When we think we are right and good, we place ourselves above others, and that automatically suppresses dialogue and leads to binary thinking: I’m right, therefore you are wrong; I’m good, therefore you are bad. I would add to this article that the same thinking needs to apply to left- and right-wing political views.
“The people and environment around you may completely convince you that you are correct and that the rest of the world is wrong, and that’s something that we often take great consol[ation] in… knowing what we’re “supposed” to be doing. It gives us a sense of purpose, direction, reason. It makes us feel as though we’re on the right path. It’s important to have a fundamental understanding of what we will and will not do. However, part of everyone’s “code of conduct,” if you will, should be to revere others regardless of who and what they are.”
I think this is especially important in the internet era. We tend to “friend” people who have similar religious and political views, and de-friend people who go against our views. This only entrenches us further in our belief that we are right and good and others are wrong and bad. When we get into our “right and good” corners, we feel safe and righteous, but we completely stifle the kind of reflection and open-minded thinking that is necessary to solve our problems.
I am certainly guilty of this. I have a megaton crapload of friends on Facebook, but I can think of only a handful of them who openly express views that are significantly opposed to mine. Sometimes when I read posts that go against my beliefs, I feel an almost magnetic repulsion that makes me search for the defriending mechanism. But I try to resist that urge because I strongly believe that exposure to a wide range of views is important to my development as a person. Instead, I try to follow the links that they post to get a better idea of their worldview. I don’t like doing this, and I don’t do it all the time (I would much rather look at pictures of cats than read about abortion, gun control, and theism in my spare time), but I think of it as the spiritual equivalent of taking a teaspoon of cod liver oil in the morning. (I don’t actually do that, though.)

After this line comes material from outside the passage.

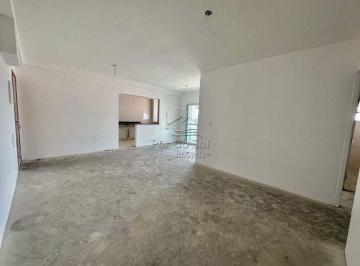 Apartamento · 117m² · 3 Quartos · Apartamento à venda em Praia Grande/SP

I think that Western culture has an obsession with good vs. evil and that forces us to feel like we need to keep what we perceive as “evil” at bay. Until we can open up our minds to the idea that there is more to the world than good vs. evil (God vs. Satan, hero vs. villain, terrorist vs. patriot, good vs. bad, right vs. wrong), we are doomed to continue our long and senseless history of “fighting the bad guys”.
Or, stated another way, a person who insists on this binary worldview, can’t also insist on being on the “good” side at all times.